United States Court of Appeals, Fifth Circuit

April 16, 2019

MICHAEL BOURNE, Plaintiff-Appellant,
v.
MICHAEL GUNNELS, Lieutenant; CARLOS A. APPLEWHITE, Sergeant; ANTHONY HOWARD, JR., Sergeant; ROLAND C. WEAVER, Correctional Officer; ROBERT LEBLANC, Correctional Officer; ERNEST PRICE; TAJUDEEN AJISEFINI; SASCHA FORD, Defendants-Appellees.

          Appeal from the United States District Court for the Southern District of Texas

          Before KING, SMITH, and WILLETT, Circuit Judges.

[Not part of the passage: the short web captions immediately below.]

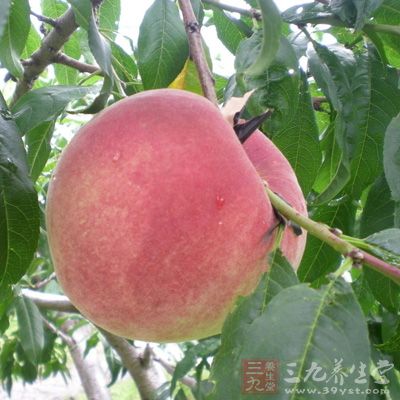 桃子还具有抗击黑斑的效果，能深层清洁皮肤，防止和修护由紫外线、电脑辐射等有害物对皮肤造成的伤害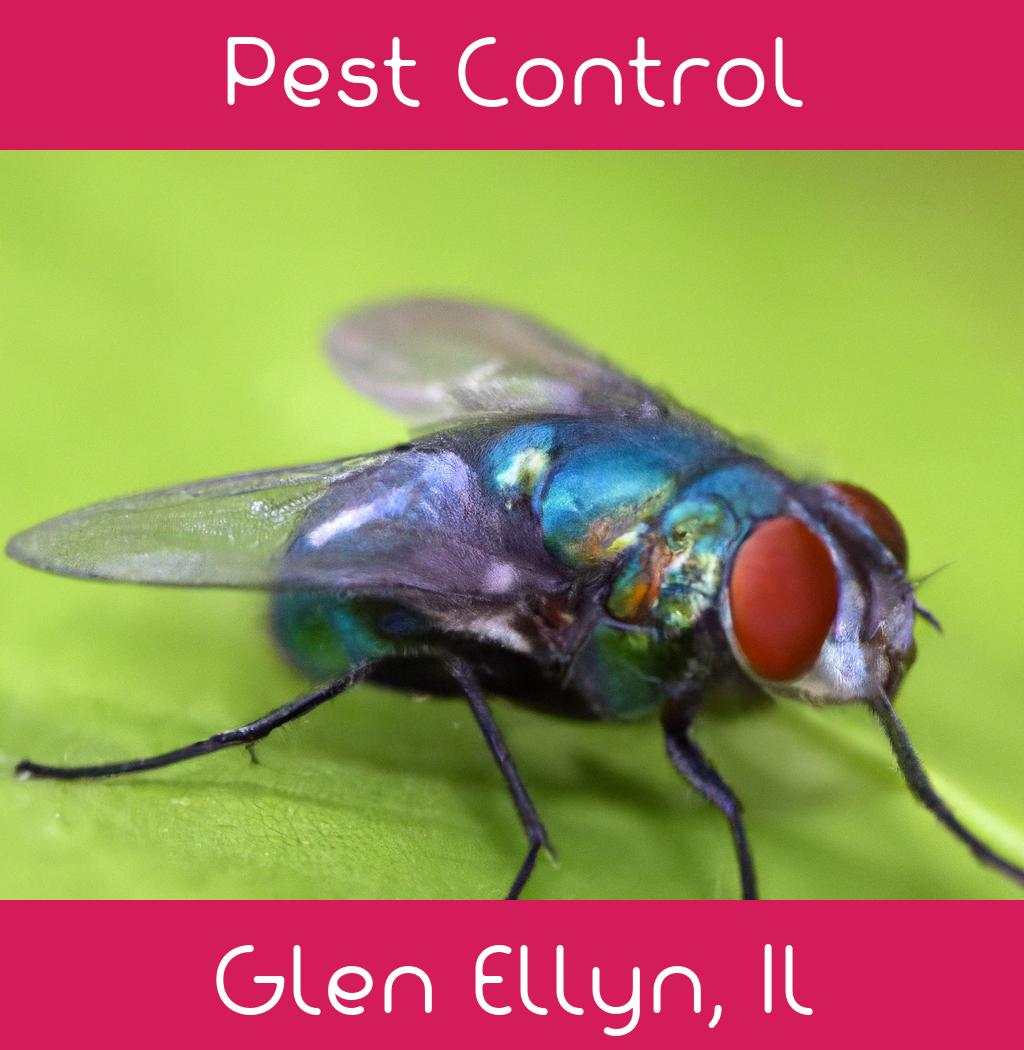 pest control in Glen Ellyn Illinois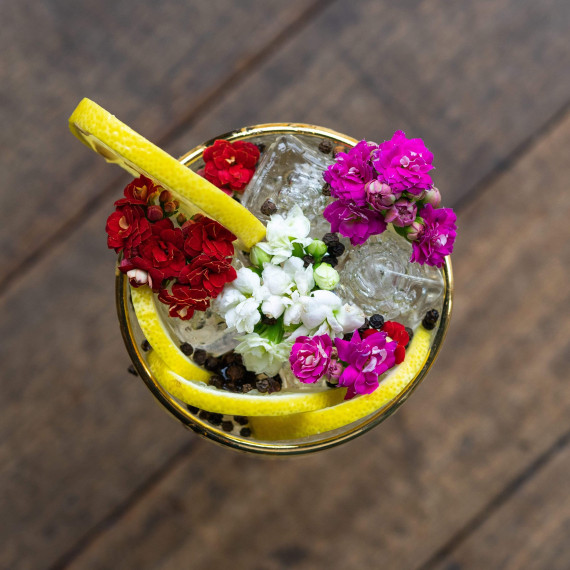 Gin Del Professore Crocodile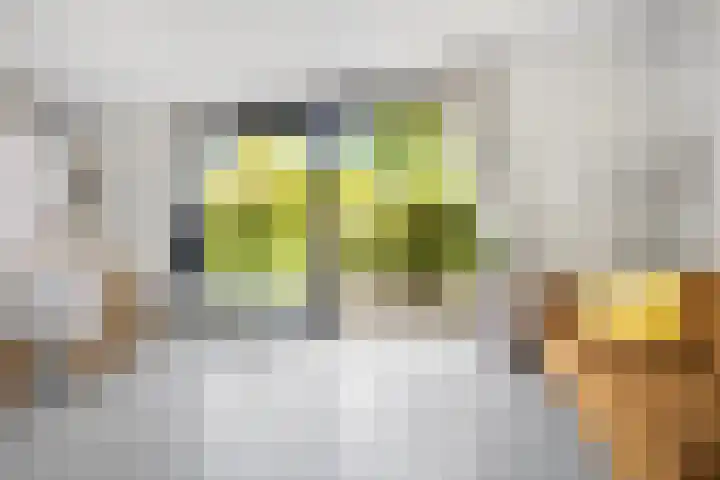 Citius 11 Hoofddorp thumbnail 8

          JERRY E. SMITH, CIRCUIT JUDGE

         Michael Bourne, proceeding pro se, sued prison officers under 42 U.S.C. § 1983 for excessive force, failure to intervene, deliberate indifference, and retaliation claims arising from use of force during his confinement. The district court granted summary judgment to defendants, determining that (1) Bourne's claims for monetary damages against the defendants in their official capacities are precluded by the Eleventh Amendment, (2) his excessive-force claims are barred by Heck v. Humphrey, 512 U.S. 477 (1994), and its progeny, or, alternatively, (3) defendants are entitled to qualified immunity ("QI") from his claims because he did not establish a constitutional violation.

         Bourne appeals on his excessive-force claim, maintaining that Heck has "no bearing" and that the court "improperly evaluated the evidence in a light most favorable to [d]efendants" and "disregarded [his] evidence creating a material dispute of fact" on QI. We reverse and remand.

         I.

         On November 21, 2014, Bourne was standing at his cell door asking to speak with a Captain Norman regarding some money removed from his inmate trust fund account. Bourne had taken control of the food-tray slot to his cell "and refused to relinquish it," jamming the slot with a sheet and towels, covering the windows to his cell with a sheet, and turning off his cell's light. Consequently, a supervisory official, Captain Vincent, authorized a use of force to regain control of the door. Lieutenant Michael Gunnels assembled a five-person team to use a chemical agent and force, if necessary, to extract Bourne and regain control of the door. Gunnels' team consisted of Officers (1) Anthony Howard, Jr., (2) Ernest Price, (3) Tajudeen Ajisefini, (4) Robert LeBlanc, and (5) Roland Weaver. Officer Sascha Ford recorded the use of force.

         Immediately upon arriving at the cell, Gunnels, at least three times, ordered Bourne to surrender control of the food-tray slot, warning that he would use a chemical agent and that officers would enter the cell if Bourne did not acquiesce. Bourne failed to comply, so Gunnels employed the chemical agent, spraying it through the open food-tray slot for five seconds and using about half a canister. While the officers waited for the chemical agent to take effect for about five minutes, Bourne yelled, cursed, taunted the officers, and invited them to enter the cell and beat him.

         Bourne refused to relinquish control of the food-tray slot and cursed at the officers. They tried to open the cell door, but Bourne had jammed it shut. When the officers finally managed to open it about seven minutes after deploying the chemical agent, Bourne did not retreat from the door but attempted to block the lead officer from entering. The officers entered to restrain Bourne, repeatedly ordering him to "stop resisting." From the video, it is impossible to discern what occurred during the actual use of force inside the cell because the lights are off and Gunnels stands in the cell doorway during much of the altercation.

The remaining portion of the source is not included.